[What you should do] In the records below, find the line with "image for item" and the line with "ފުވައްމުލައް ސިޓީގެ ގޮނޑުދޮށް"; return exactly those lines and every line between them.

[Listed records]
* * *
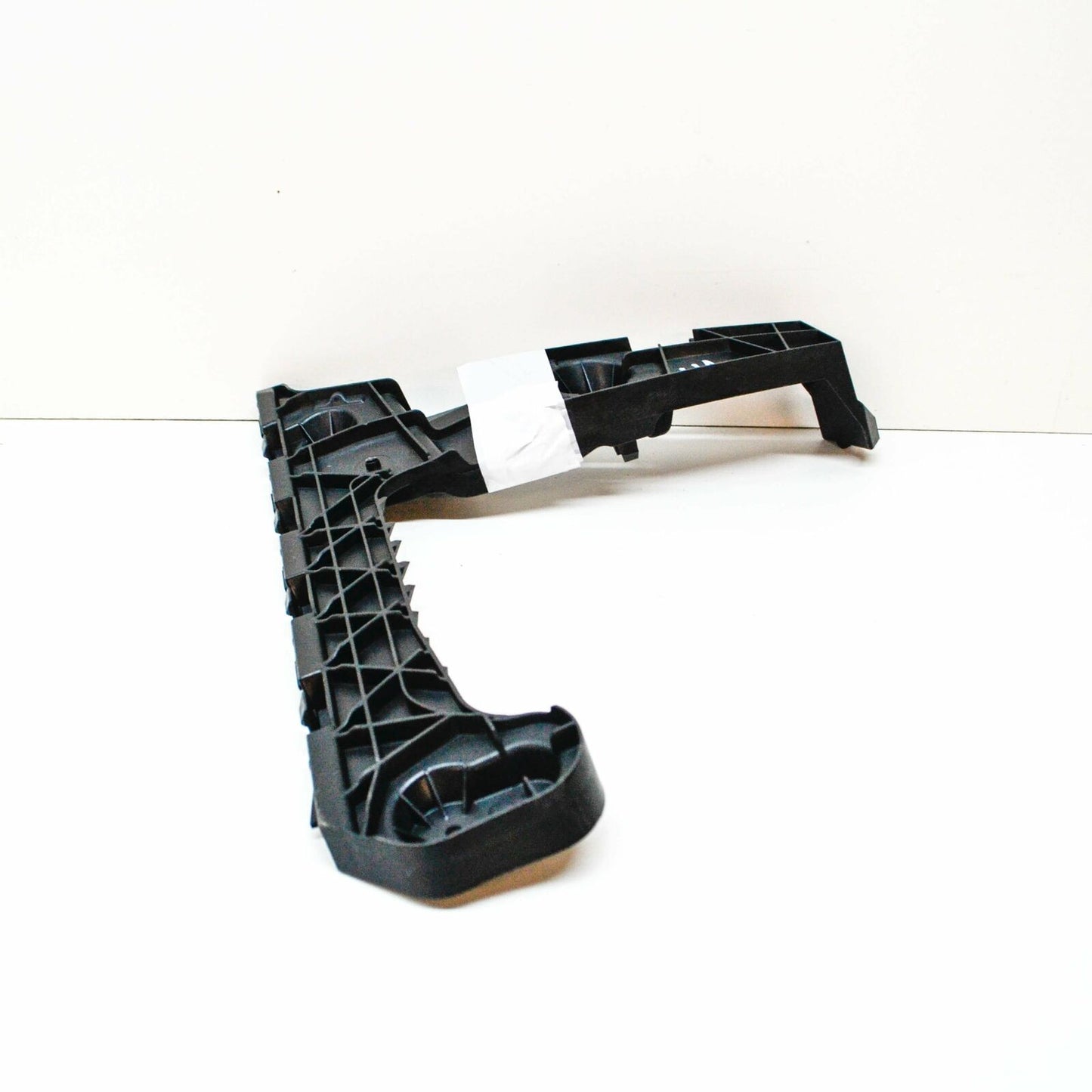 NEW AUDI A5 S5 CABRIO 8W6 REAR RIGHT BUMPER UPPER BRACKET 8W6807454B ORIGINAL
* * *
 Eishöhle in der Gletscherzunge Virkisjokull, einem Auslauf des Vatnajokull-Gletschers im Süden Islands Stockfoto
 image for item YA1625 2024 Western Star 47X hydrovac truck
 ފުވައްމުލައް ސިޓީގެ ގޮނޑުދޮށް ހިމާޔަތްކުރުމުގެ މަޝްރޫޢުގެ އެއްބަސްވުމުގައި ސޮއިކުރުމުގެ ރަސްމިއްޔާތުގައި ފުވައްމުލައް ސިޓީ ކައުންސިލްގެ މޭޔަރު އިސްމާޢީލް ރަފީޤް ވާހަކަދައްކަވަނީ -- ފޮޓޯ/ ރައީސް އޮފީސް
* * *
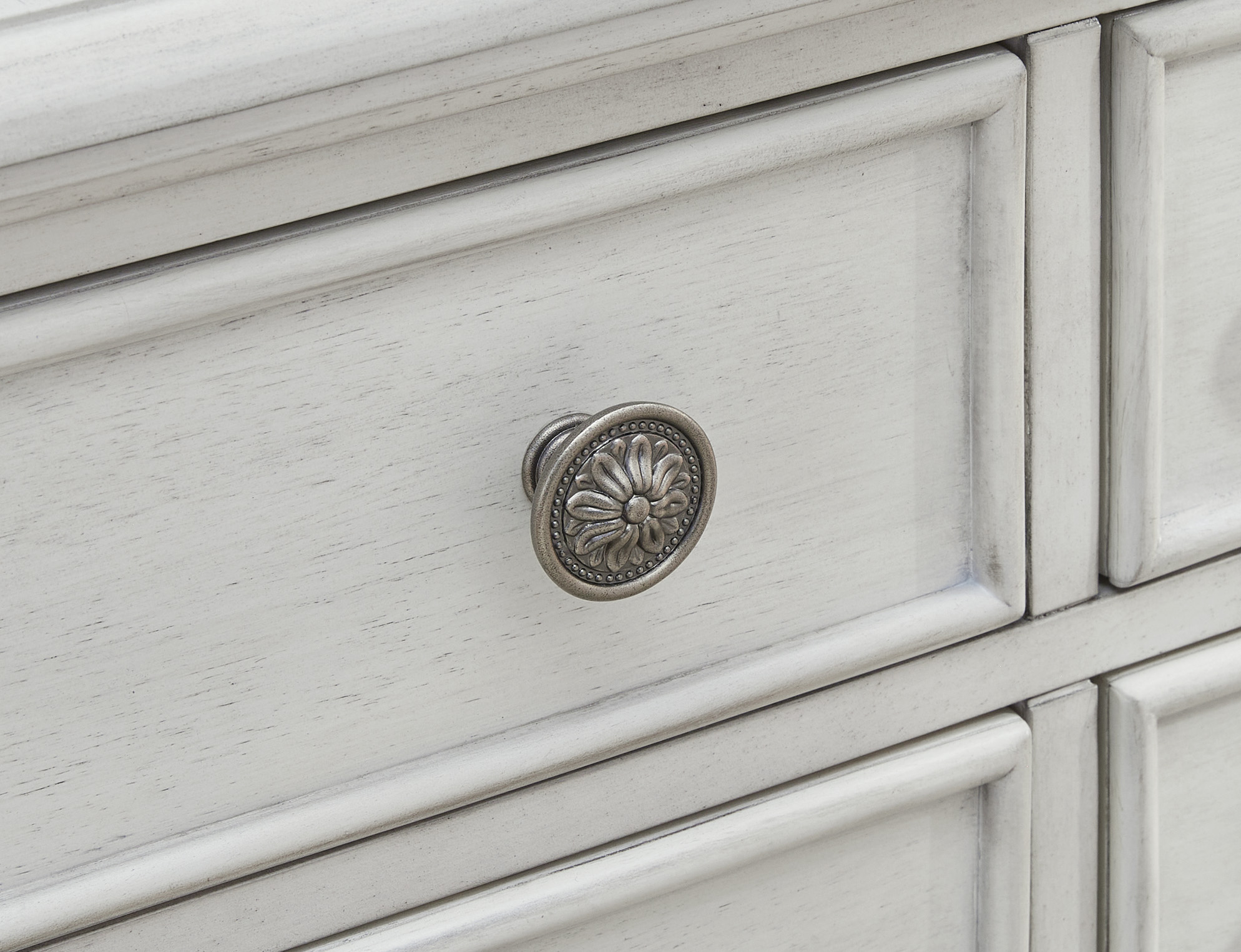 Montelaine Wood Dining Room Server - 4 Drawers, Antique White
* * *
[Answer to this task]
 image for item YA1625 2024 Western Star 47X hydrovac truck
 ފުވައްމުލައް ސިޓީގެ ގޮނޑުދޮށް ހިމާޔަތްކުރުމުގެ މަޝްރޫޢުގެ އެއްބަސްވުމުގައި ސޮއިކުރުމުގެ ރަސްމިއްޔާތުގައި ފުވައްމުލައް ސިޓީ ކައުންސިލްގެ މޭޔަރު އިސްމާޢީލް ރަފީޤް ވާހަކަދައްކަވަނީ -- ފޮޓޯ/ ރައީސް އޮފީސް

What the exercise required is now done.